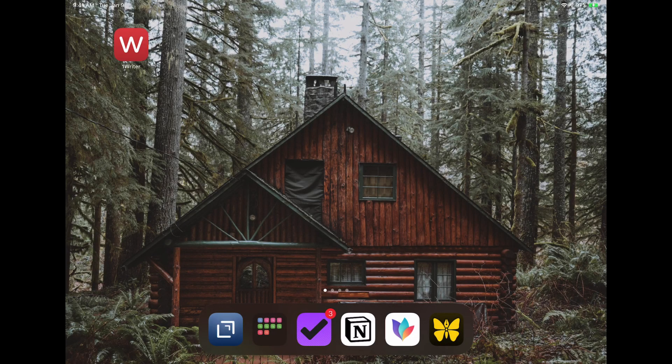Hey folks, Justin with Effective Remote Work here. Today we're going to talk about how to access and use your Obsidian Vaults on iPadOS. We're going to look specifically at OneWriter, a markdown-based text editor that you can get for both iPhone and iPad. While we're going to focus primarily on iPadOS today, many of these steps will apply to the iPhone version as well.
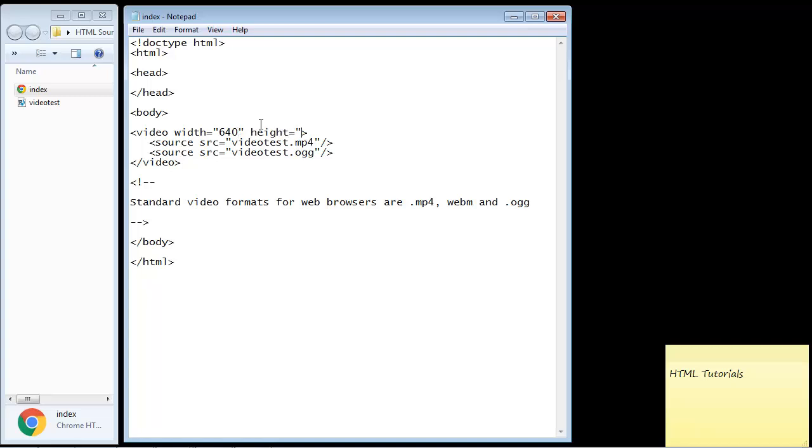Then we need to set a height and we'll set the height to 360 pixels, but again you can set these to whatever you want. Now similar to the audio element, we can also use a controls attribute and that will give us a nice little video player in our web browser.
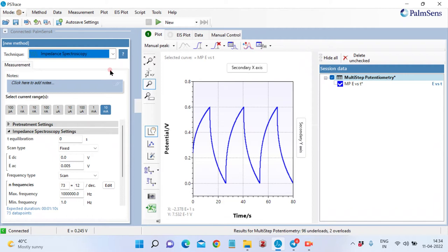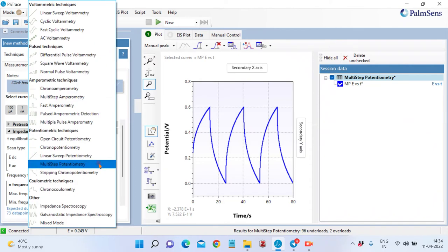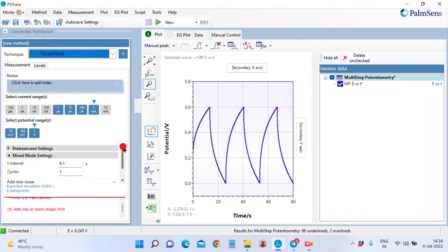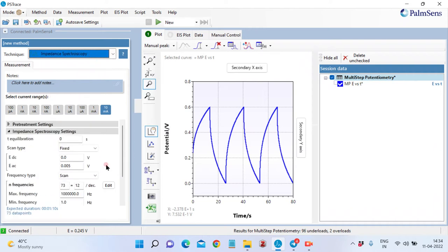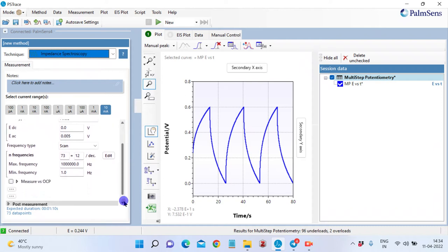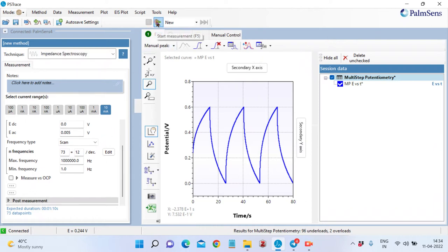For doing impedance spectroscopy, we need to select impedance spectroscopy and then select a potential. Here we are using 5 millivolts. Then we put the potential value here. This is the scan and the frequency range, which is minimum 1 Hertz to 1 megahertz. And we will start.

--------------------------------

• _Problem to work on_: Leave out the pictures and print every line of the data exactly.

• _Response_:
Hey folks, Justin with Effective Remote Work here. Today we're going to talk about how to access and use your Obsidian Vaults on iPadOS. We're going to look specifically at OneWriter, a markdown-based text editor that you can get for both iPhone and iPad. While we're going to focus primarily on iPadOS today, many of these steps will apply to the iPhone version as well.
Then we need to set a height and we'll set the height to 360 pixels, but again you can set these to whatever you want. Now similar to the audio element, we can also use a controls attribute and that will give us a nice little video player in our web browser.
For doing impedance spectroscopy, we need to select impedance spectroscopy and then select a potential. Here we are using 5 millivolts. Then we put the potential value here. This is the scan and the frequency range, which is minimum 1 Hertz to 1 megahertz. And we will start.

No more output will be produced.